[[ WORKING DATA open ]]

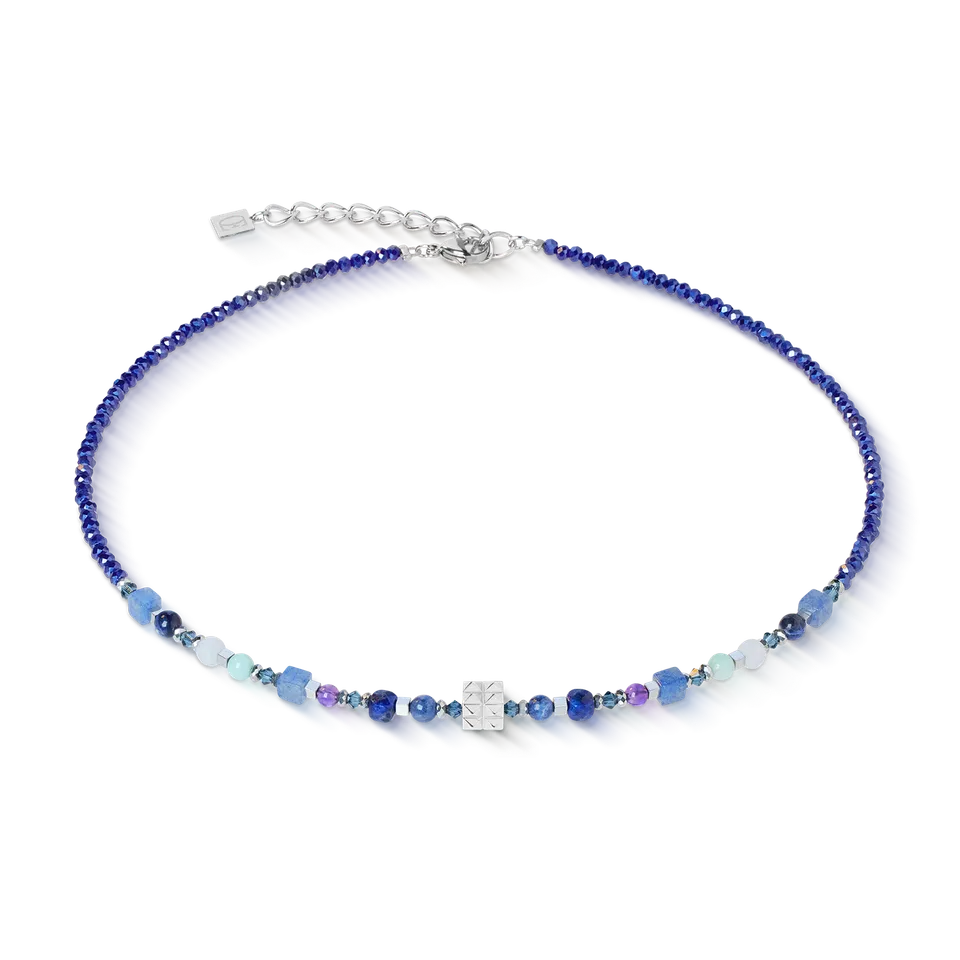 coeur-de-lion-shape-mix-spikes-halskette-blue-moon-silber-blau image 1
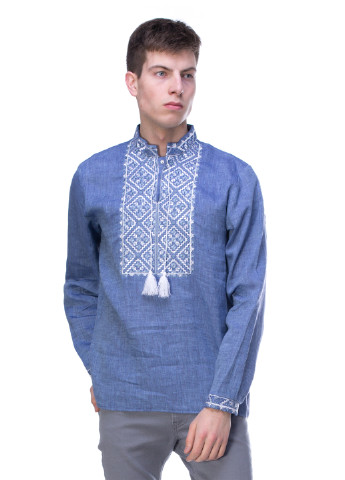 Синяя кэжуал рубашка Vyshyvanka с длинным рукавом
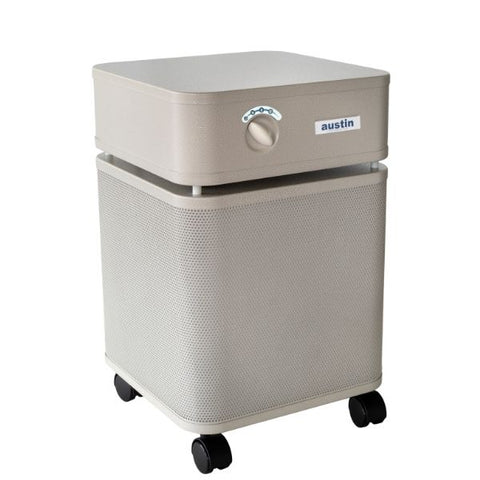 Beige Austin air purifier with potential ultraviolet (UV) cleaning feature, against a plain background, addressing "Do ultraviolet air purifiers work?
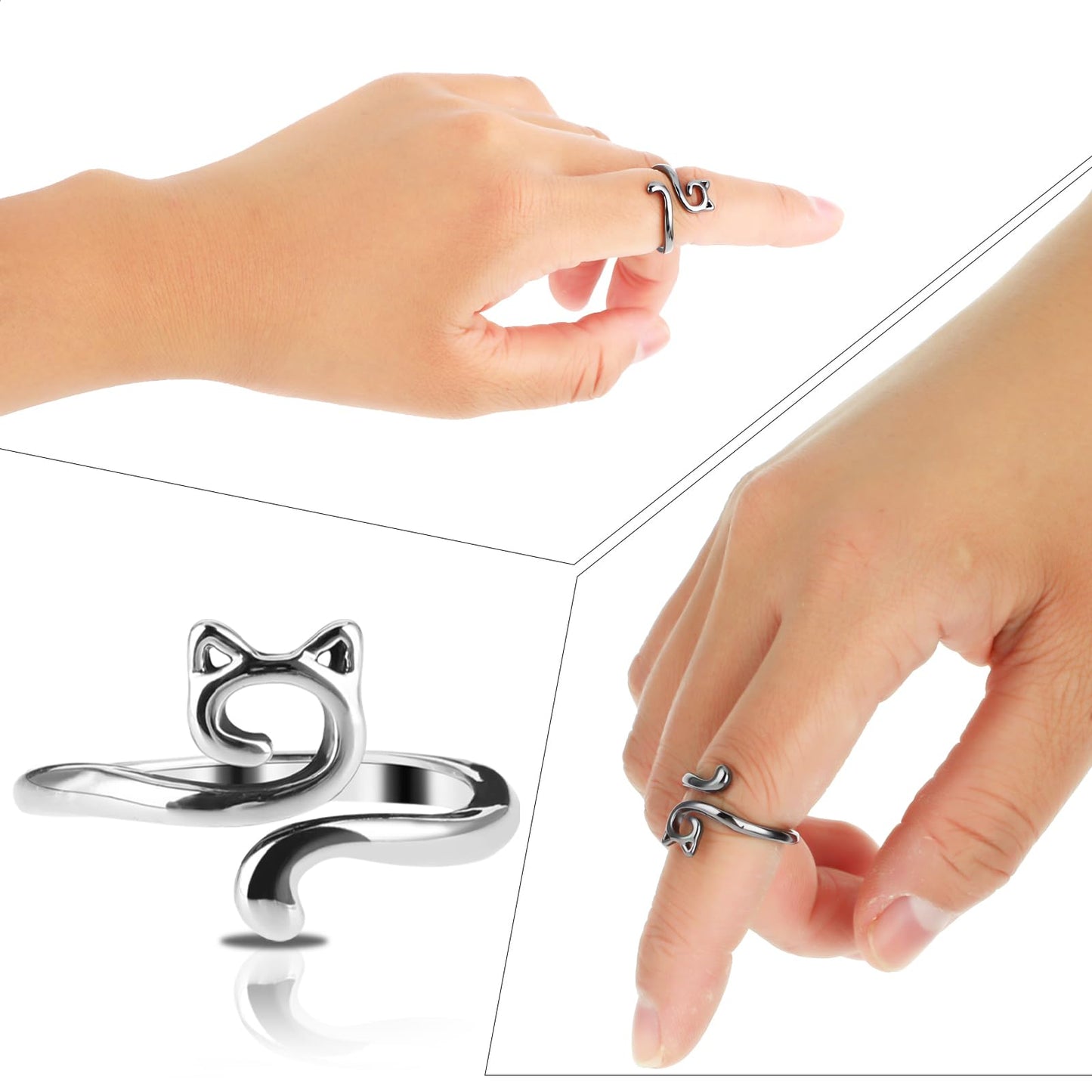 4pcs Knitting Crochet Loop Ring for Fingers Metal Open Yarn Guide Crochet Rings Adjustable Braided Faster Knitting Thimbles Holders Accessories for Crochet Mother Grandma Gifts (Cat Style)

[[ WORKING DATA closed ]]
[[ WORKING DATA open ]]

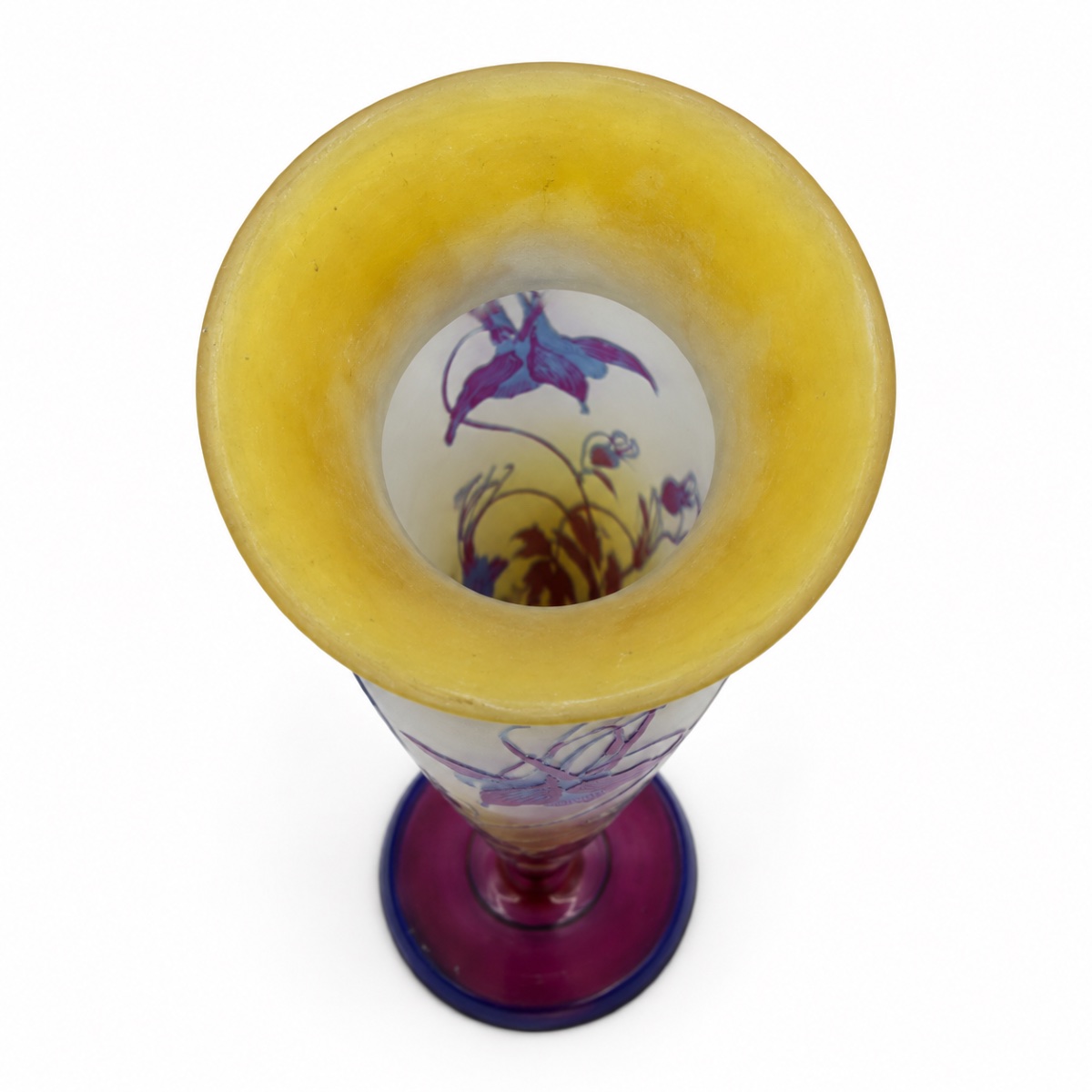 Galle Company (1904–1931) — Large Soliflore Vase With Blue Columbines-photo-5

[[ WORKING DATA closed ]]

Your reply is to be an exact repeat of the listing above from the line holding "Синяя кэжуал рубашка" down to the line holding "4pcs Knitting Crochet", ends included, pictures excluded.

YOUR SOLUTION -
 Синяя кэжуал рубашка Vyshyvanka с длинным рукавом
 Beige Austin air purifier with potential ultraviolet (UV) cleaning feature, against a plain background, addressing "Do ultraviolet air purifiers work?
 4pcs Knitting Crochet Loop Ring for Fingers Metal Open Yarn Guide Crochet Rings Adjustable Braided Faster Knitting Thimbles Holders Accessories for Crochet Mother Grandma Gifts (Cat Style)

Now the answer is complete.